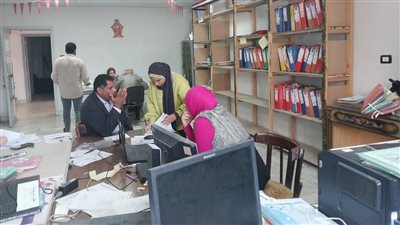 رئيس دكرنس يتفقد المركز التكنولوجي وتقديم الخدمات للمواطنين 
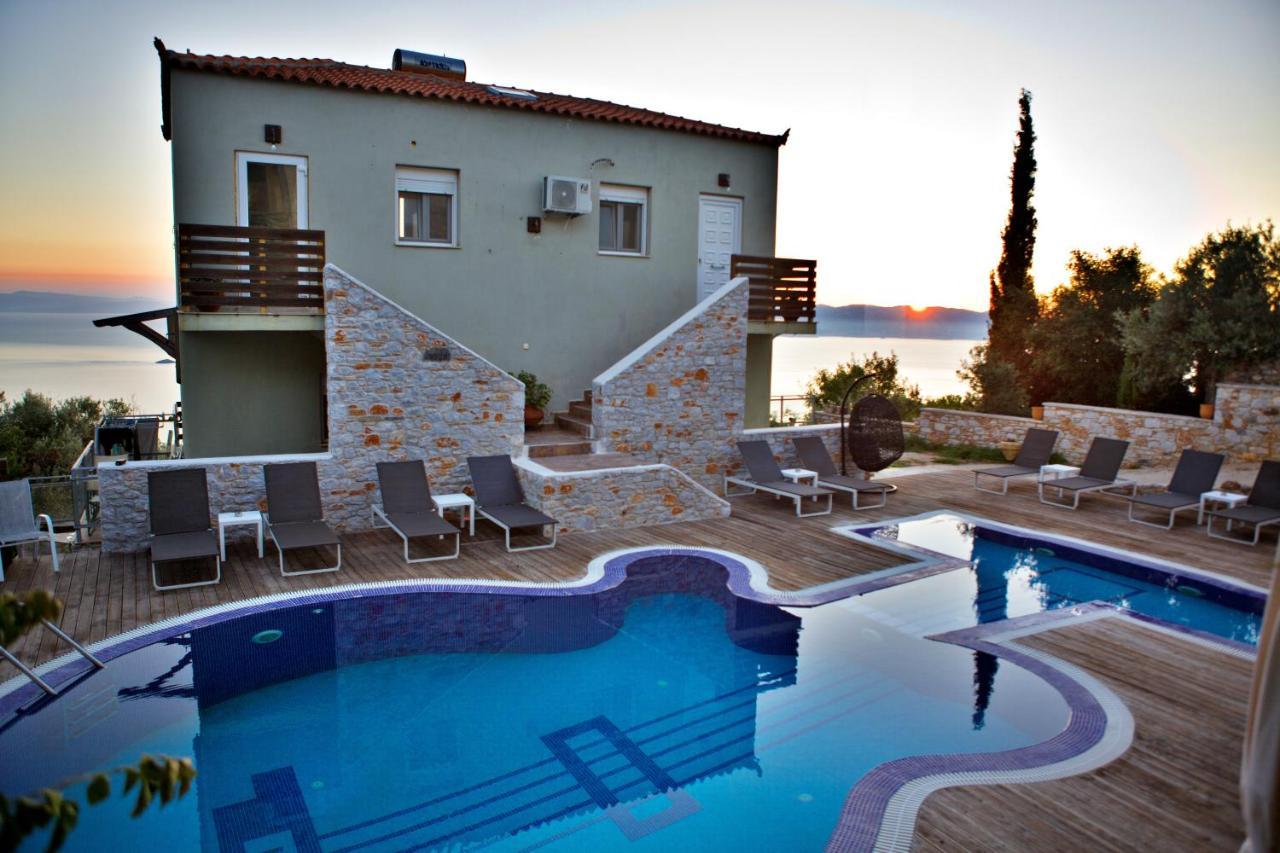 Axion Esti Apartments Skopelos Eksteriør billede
...
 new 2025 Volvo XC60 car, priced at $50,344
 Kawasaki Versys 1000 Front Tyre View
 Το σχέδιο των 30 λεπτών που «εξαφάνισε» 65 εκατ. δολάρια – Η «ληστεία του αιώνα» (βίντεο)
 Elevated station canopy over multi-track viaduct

*Problem to work on:* In the listing above, find the line containing "رئيس دكرنس يتفقد". Output it and every line after it up to and including the line containing "Axion Esti Apartments", exactly, but skip the pictures.

*Exercise response:*
 رئيس دكرنس يتفقد المركز التكنولوجي وتقديم الخدمات للمواطنين 
 Axion Esti Apartments Skopelos Eksteriør billede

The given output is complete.